The problem:  Deep roots, not unlike newspapers.  A way of doing things that’s engrained but not  necessarily right anymore.

The solution:  Courage to be the ones that challenge the playbook.  What you learned in school or in the trenches might have been good grounding but I seriously doubt it is the answer in 2011.   In fact, it probably is a career killer simply because we’re in a  completely new era.

Writing and Inflection: They can be so powerful.
The problem:  What happened???  Other than 60 Minutes and a few others, writing has dissolved into silliness.  Same thing for radio, and it’s magnified by an inflection and style that defines insincerity.  It’s like the time I showed a News Director an Onion TV newscast and he commented on how the lighting was bad,   completely missing the parody.

The solution: Address it aggressively. Some reporters may be incapable of escaping news speak/inflection which is why I’m down on “critique and tweak.”  It’s generally a waste of time.

Sound:
The problem:  One dimensional. “TV Sound” usually pre packaged percussion to create “immediacy” that’s as fake as a skyline backdrop on the 10pm news.

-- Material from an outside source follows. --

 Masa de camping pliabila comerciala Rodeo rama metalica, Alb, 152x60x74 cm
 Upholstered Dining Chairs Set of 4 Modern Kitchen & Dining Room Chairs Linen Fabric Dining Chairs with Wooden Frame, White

The solution:  Think movie.  Hire a sound designer.  Most stations have licenses to use “real” music to tell a story.  Use it.  Imagine using MUSIC as an ingredient in story telling.  And not “Born in the USA” every time a flag is shown.  It can be everything from Classical to The Blues to add a completely new dimension to the experience.

Storytelling:
The problem: Stories being told by “some on every station” anchor people with TV101 on-the-scene reporters in a stiff slick environment. In fact, “storytelling” is rarely a factor because it’s so predictable and old school.

The solution: Re-thinking and AFDI the way the stories are told.  Just as with the above points.

The point here is simply going supersonic on the  inherent strengths of a screen with speakers, and eliminating the weaknesses.

The Web:
While we need to be tied to the hip with the web, I don’t think TV should emulate it.  Migrating TV content to online and mobile without considering the opportunity to create FOR that environment.  There’s a lot to learn from the free form imagination of the web, but sometimes TV uses webisms as quick fixes.  Yesterday I saw a newscast that had “trappings” of the web:  PC at the anchor desk, a 50 something talking about “Twitter” (probably in an effort to sound hip which creates an ouch more than a wow) and things that  struck me as missing the point. Trying to be web cool, yet the whole newscast was framed with old school techniques.  A train wreck between old baggage cars and a “let’s look web hip” caboose.  From a personal viewpoint, it’s like 1970.  Emerging FM stations created content for FM instead of simply putting AM thinking on a newly emerging band.

Tired thinking on a new environment is pointless. There’s a demand for new thinking….and more importantly execution without barriers.  Don’t get fooled again.